法人税(全60問中28問目)

No.28

内国法人に係る法人税における役員給与および役員退職金に関する次の記述のうち、最も不適切なものはどれか。なお、各選択肢において、給与等は隠蔽または仮装経理により支給されたものではないものとする。
2020年1月試験 問30
  1. 役員に対して支給する定期給与の各支給時期における支給額から源泉税等の額を控除した金額が同額である場合、その定期給与の各支給時期における支給額は、定期同額給与として損金の額に算入することができる。
  2. 役員に対して継続的に供与される経済的な利益のうち、その供与される利益の額が毎月おおむね一定であるものは、定期同額給与として損金の額に算入することができる。
  3. 役員に対し、事前確定届出給与としてあらかじめ税務署長に届け出た金額よりも多い金額を役員賞与として支給した場合、原則として、当該役員賞与は事前確定届出給与に該当せず、その支給額の全額が損金不算入となる。
  4. 自己都合により役員を退任した者に支給する役員退職金を損金の額に算入するためには、その支給額が職務の対価として適正な金額であり、かつ、その支給額および支給時期についてあらかじめ税務署長に届け出る必要がある。

正解 4

問題難易度
肢19.8%
肢211.0%
肢320.4%
肢458.8%

解説

  1. 適切。定期同額給与とは、その支給時期が1月以下の一定の期間ごとである給与で、各支給時期における①支給額または②毎月供与される経済的利益の額が概ね一定であるものをいいます。支給額が同額でなくても、支給額から源泉税等の額(所得税、地方税、社会保険料)を控除した金額が同額であるものは、支給額が同額であるとみなされ、定期同額給与として認められます(法人税法令69条1項・2項)。
  2. 適切。役員に対して継続的に供与される経済的な利益のうち、その供与される利益の額が毎月おおむね一定であるものは定期同額給与と認められ、損金の額に算入することができます(法人税法令69条1項2号)。
    役員に対して継続的に供与される経済的な利益のうち、その供与される利益の額が毎月おおむね一定であるものは、定期同額給与として損金の額に算入することができる。
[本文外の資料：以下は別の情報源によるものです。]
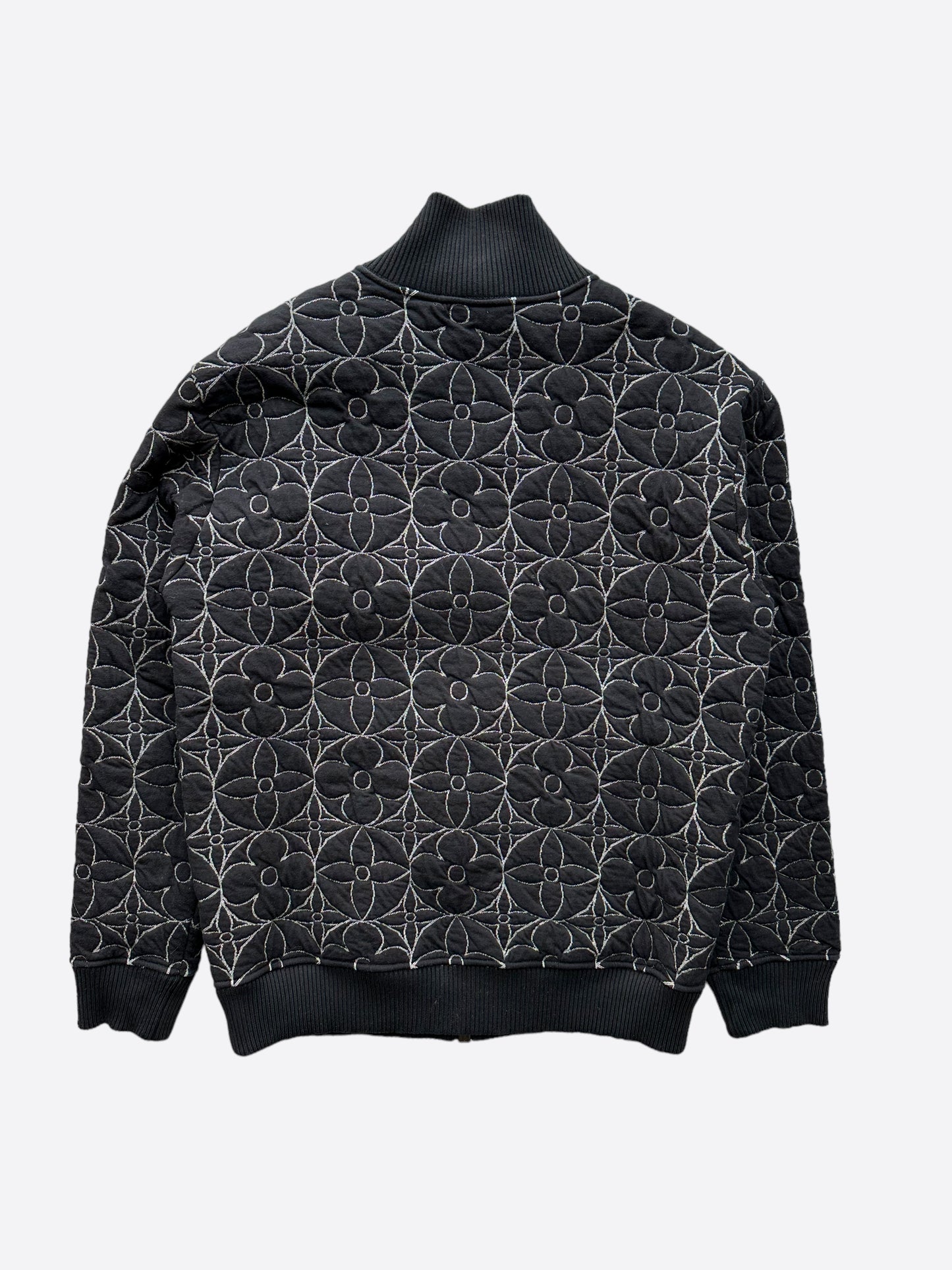 Louis Vuitton Black Flower Monogram Bomber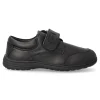 New PEKE'S by Vanessa PEKES Zapato colegial velcro de niño PEK P069 NEGRO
2021.9-31-1
  3. 適切。事前確定届出給与とは、事前に税務署に届出をして支払う給与のことです。届出どおりに支払えば全額を損金算入することができますが、届け出た支給額と実際の支給額が異なる場合には、事前確定届出給与に該当しないこととなり、支給額の全額が損金不算入になります(法人税法34条1項2号)。
    役員に対し、事前確定届出給与としてあらかじめ税務署長に届け出た金額よりも多い金額を役員賞与として支給した場合、原則として、当該役員賞与は事前確定届出給与として届け出た金額を限度として損金の額に算入することができる。2023.9-31-3
    役員に対して事前確定届出給与として税務署長に届け出た金額よりも多い金額を役員賞与として支給した場合、当該役員賞与のうち、増額部分の金額は損金の額に算入することはできず、事前に届け出た金額を限度として、損金の額に算入する。2021.9-31-2
    役員に対し、事前確定届出給与としてあらかじめ税務署長に届け出た金額よりも多い金額を役員賞与として支給した場合、原則として、当該役員賞与は事前確定届出給与に該当せず、その支給額の全額が損金不算入となる。2019.5-32-3
    事前確定届出給与において、あらかじめ所轄税務署長に届け出た金額よりも多い金額を支給した場合、損金の額に算入することができる金額は届け出た金額が限度となり、届け出た金額を超える部分の金額は損金の額に算入することができない。2017.9-31-3
  4. [不適切]。役員退職金は、職務の対価として適正な額であれば、損金算入することができます。退職理由にかかわらず、税務署へあらかじめ届け出る必要はありません。
したがって不適切な記述は[4]です。